The melting of a solid represents a transition between a solid state in which atoms are localized about fixed average crystal lattice positions to a fluid state that is characterized by relative atomic disorder and particle mobility so that the atoms wander around the material as a whole, impelled by the random thermal impulses of surrounding atoms. Despite the fundamental nature and practical importance of this particle delocalization transition, there is still no fundamental theory of melting and instead one often relies on the semi-phenomenological Lindemann-Gilvarry criterion to estimate roughly the melting point as an instability of the crystal lattice. Even the earliest simulations of melting in hexagonally packed hard discs by Alder and Wainwright indicated the active role of nonlocal collective atomic motions in the melting process, and here we utilize molecular dynamics (MD) simulation to determine whether the collective particle motion observed in melting has a similar geometrical form as those in recent studies of nanoparticle (NP) interfacial dynamics and the molecular dynamics of metastable glass-forming liquids.

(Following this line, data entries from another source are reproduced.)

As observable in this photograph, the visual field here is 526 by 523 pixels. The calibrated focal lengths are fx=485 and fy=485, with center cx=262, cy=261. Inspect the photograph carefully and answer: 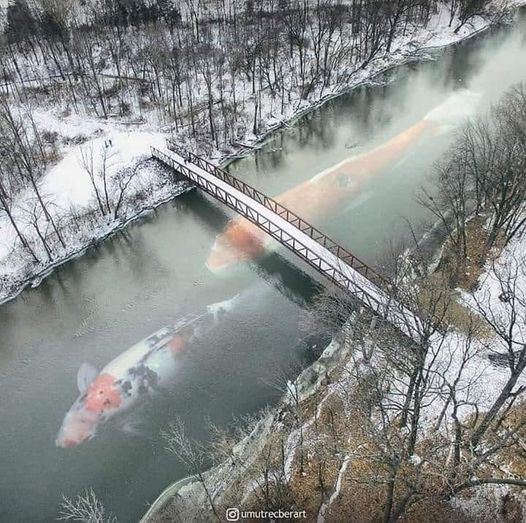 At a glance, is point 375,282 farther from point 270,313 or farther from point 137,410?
point 137,410

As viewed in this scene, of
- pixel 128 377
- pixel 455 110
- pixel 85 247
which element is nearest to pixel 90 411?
pixel 128 377

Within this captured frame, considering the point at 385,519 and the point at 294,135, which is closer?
the point at 385,519

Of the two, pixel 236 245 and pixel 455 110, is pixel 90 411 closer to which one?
pixel 236 245

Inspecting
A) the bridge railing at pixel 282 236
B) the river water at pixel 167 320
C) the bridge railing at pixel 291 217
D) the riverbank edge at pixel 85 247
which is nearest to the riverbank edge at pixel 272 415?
the river water at pixel 167 320

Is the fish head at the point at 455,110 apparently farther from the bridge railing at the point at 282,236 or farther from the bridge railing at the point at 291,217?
the bridge railing at the point at 282,236

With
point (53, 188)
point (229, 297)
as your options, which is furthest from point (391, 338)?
point (53, 188)

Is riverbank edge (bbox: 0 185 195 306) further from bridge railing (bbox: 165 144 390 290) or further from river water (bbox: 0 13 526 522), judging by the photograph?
bridge railing (bbox: 165 144 390 290)

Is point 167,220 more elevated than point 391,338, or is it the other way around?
point 391,338

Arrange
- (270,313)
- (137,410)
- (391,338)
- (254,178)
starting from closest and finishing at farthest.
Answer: (391,338) → (137,410) → (270,313) → (254,178)

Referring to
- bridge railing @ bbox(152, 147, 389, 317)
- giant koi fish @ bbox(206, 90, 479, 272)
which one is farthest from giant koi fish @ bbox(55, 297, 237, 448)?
bridge railing @ bbox(152, 147, 389, 317) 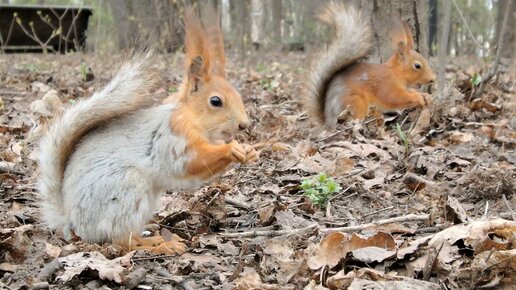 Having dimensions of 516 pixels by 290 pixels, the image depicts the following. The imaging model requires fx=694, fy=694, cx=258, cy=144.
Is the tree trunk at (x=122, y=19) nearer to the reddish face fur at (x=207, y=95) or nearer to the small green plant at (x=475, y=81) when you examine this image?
the small green plant at (x=475, y=81)

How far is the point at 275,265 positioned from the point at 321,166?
5.10ft

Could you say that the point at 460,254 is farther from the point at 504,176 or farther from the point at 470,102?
the point at 470,102

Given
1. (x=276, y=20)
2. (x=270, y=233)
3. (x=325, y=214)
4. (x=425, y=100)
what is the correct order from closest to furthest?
(x=270, y=233) < (x=325, y=214) < (x=425, y=100) < (x=276, y=20)

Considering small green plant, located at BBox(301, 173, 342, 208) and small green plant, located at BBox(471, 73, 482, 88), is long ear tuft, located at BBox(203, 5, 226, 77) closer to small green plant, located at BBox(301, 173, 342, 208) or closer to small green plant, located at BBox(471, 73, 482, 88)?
small green plant, located at BBox(301, 173, 342, 208)

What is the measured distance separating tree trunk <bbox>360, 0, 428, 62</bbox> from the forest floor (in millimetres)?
669

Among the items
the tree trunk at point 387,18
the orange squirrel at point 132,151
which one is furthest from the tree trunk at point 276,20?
the orange squirrel at point 132,151

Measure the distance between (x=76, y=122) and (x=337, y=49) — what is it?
3.06 m

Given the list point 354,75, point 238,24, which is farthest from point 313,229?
point 238,24

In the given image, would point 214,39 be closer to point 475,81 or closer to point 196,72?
point 196,72

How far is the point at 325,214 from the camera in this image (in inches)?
121

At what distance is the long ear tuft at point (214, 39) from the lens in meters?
2.80

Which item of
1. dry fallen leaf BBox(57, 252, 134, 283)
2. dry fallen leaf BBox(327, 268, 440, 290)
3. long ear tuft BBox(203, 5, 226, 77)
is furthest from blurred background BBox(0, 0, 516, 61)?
dry fallen leaf BBox(327, 268, 440, 290)

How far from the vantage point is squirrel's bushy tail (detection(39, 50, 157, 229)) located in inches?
104

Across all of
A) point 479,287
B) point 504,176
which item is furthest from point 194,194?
point 479,287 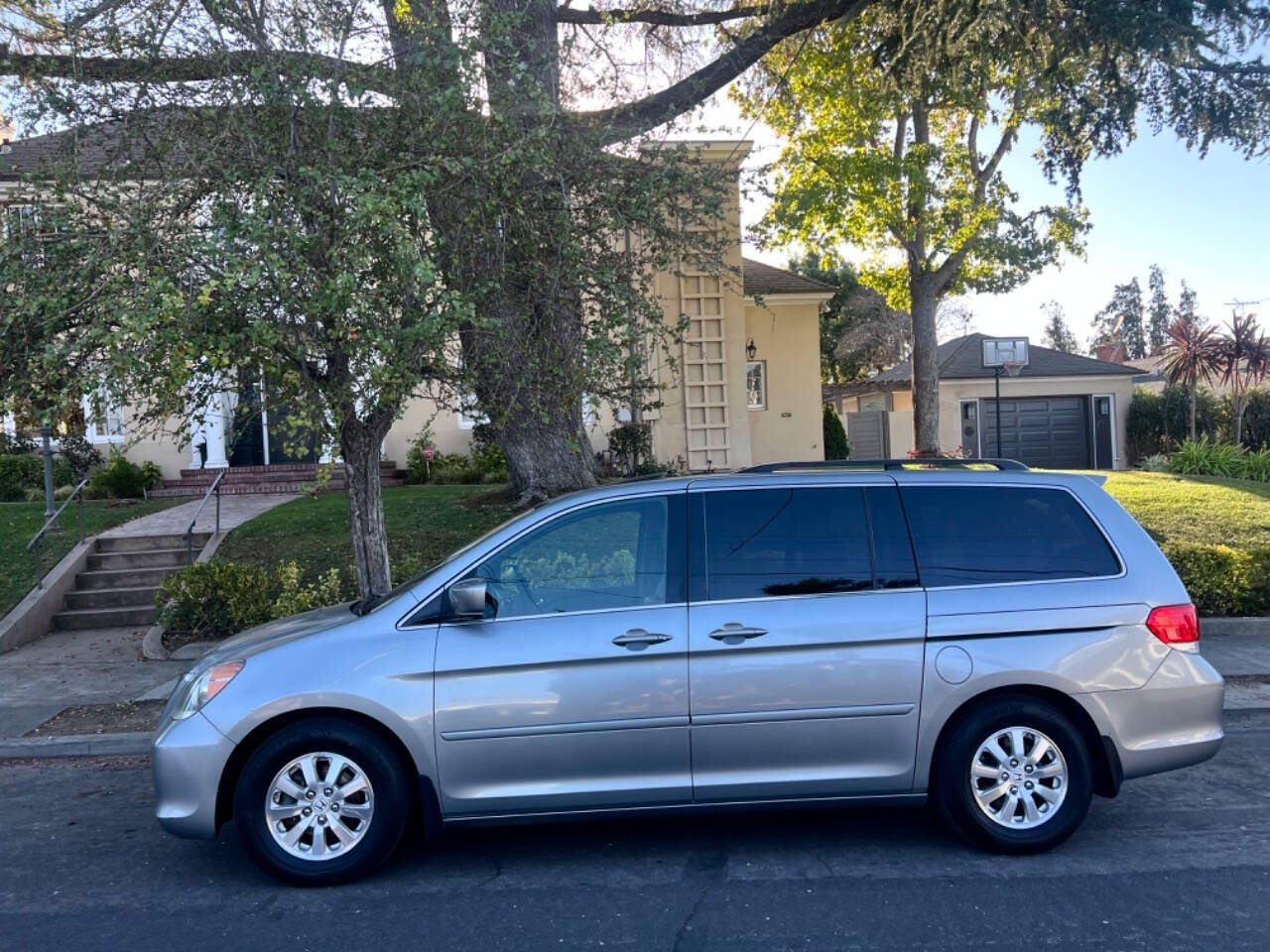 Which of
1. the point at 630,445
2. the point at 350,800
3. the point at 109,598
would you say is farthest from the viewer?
the point at 630,445

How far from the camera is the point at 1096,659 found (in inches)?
201

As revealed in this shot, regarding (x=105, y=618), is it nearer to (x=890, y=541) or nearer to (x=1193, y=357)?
(x=890, y=541)

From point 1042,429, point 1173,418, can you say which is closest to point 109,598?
point 1042,429

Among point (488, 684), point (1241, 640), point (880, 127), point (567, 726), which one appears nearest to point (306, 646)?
point (488, 684)

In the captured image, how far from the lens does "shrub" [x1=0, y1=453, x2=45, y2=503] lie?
58.8ft

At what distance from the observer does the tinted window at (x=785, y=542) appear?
517cm

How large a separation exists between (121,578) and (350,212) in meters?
7.41

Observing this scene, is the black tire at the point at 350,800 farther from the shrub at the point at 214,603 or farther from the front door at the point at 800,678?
the shrub at the point at 214,603

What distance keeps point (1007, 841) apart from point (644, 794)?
171 cm

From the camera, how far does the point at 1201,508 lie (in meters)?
14.4

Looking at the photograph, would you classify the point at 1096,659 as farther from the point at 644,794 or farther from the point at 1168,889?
the point at 644,794

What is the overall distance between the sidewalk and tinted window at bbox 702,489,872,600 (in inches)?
174

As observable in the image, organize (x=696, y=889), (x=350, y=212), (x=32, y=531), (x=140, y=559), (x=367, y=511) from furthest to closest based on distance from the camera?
(x=32, y=531)
(x=140, y=559)
(x=367, y=511)
(x=350, y=212)
(x=696, y=889)

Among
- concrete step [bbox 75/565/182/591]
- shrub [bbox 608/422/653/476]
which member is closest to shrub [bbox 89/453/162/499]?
concrete step [bbox 75/565/182/591] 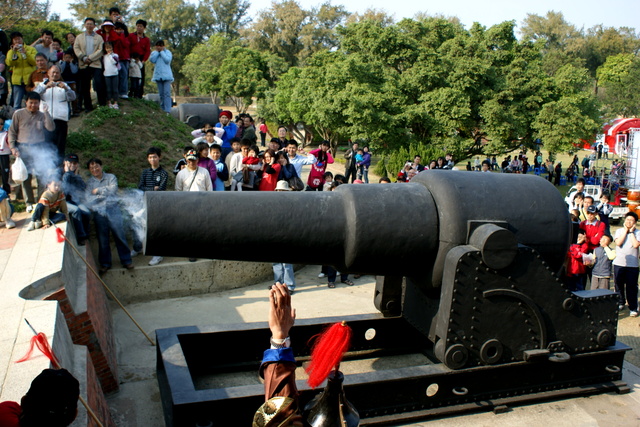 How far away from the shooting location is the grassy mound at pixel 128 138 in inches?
378

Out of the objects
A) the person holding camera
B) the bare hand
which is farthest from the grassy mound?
the bare hand

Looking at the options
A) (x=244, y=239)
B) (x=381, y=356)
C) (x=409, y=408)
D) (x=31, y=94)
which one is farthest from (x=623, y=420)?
(x=31, y=94)

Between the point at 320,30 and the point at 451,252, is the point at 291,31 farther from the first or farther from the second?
the point at 451,252

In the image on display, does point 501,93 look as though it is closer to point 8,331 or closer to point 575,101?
point 575,101

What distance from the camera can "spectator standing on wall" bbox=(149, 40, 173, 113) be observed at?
40.3 feet

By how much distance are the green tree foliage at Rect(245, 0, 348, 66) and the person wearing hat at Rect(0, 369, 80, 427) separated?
142 feet

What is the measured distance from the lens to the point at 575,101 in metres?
20.6

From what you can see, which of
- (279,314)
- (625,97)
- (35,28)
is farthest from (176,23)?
(279,314)

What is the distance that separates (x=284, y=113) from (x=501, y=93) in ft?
34.5

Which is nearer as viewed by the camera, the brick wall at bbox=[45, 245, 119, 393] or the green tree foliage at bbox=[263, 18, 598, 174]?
the brick wall at bbox=[45, 245, 119, 393]

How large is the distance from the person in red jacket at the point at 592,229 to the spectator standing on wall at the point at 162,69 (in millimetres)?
8495

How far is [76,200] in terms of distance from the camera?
7.38m

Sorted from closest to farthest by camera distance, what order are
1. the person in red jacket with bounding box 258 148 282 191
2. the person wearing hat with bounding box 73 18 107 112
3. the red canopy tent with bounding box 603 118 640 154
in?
the person in red jacket with bounding box 258 148 282 191, the person wearing hat with bounding box 73 18 107 112, the red canopy tent with bounding box 603 118 640 154

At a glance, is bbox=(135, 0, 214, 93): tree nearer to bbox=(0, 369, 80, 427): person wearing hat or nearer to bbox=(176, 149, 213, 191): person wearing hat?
bbox=(176, 149, 213, 191): person wearing hat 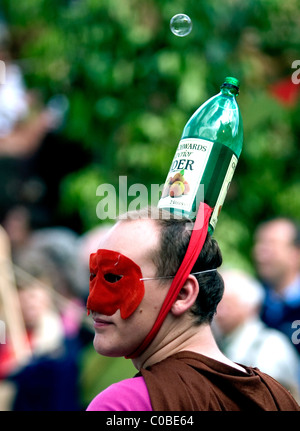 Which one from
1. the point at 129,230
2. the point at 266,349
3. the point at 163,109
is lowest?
the point at 266,349

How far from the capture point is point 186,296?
2109 mm

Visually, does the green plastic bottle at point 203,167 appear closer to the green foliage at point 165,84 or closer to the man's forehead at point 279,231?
the man's forehead at point 279,231

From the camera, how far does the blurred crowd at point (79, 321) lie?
4.36 meters

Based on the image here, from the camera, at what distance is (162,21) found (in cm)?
752

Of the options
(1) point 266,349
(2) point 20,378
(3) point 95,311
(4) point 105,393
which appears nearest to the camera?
(4) point 105,393

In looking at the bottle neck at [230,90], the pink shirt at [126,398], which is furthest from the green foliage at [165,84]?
the pink shirt at [126,398]

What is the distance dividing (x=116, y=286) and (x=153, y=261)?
0.13 metres

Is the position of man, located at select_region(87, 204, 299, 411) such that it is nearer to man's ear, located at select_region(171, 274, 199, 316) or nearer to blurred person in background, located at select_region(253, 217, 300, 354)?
man's ear, located at select_region(171, 274, 199, 316)

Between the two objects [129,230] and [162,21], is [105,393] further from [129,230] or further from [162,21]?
[162,21]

We indeed find string-like collective atomic motion in NP melting that is remarkably similar in form to the collective interfacial motions in NPs at equilibrium and to the collective motions found in the molecular dynamics of glass-forming liquids. We also find that the spatial localization and extent of string-like motion in the course of NP melting and freezing evolves with time in distinct ways. Specifically, the collective atomic motion propagates from the NP surface and from within the NP in melting and freezing, respectively, and the average string length varies smoothly with time during melting. In contrast, the string-like cooperative motion peaks in an intermediate stage of the freezing process, reflecting a general asymmetry in the dynamics of NP superheating and supercooling.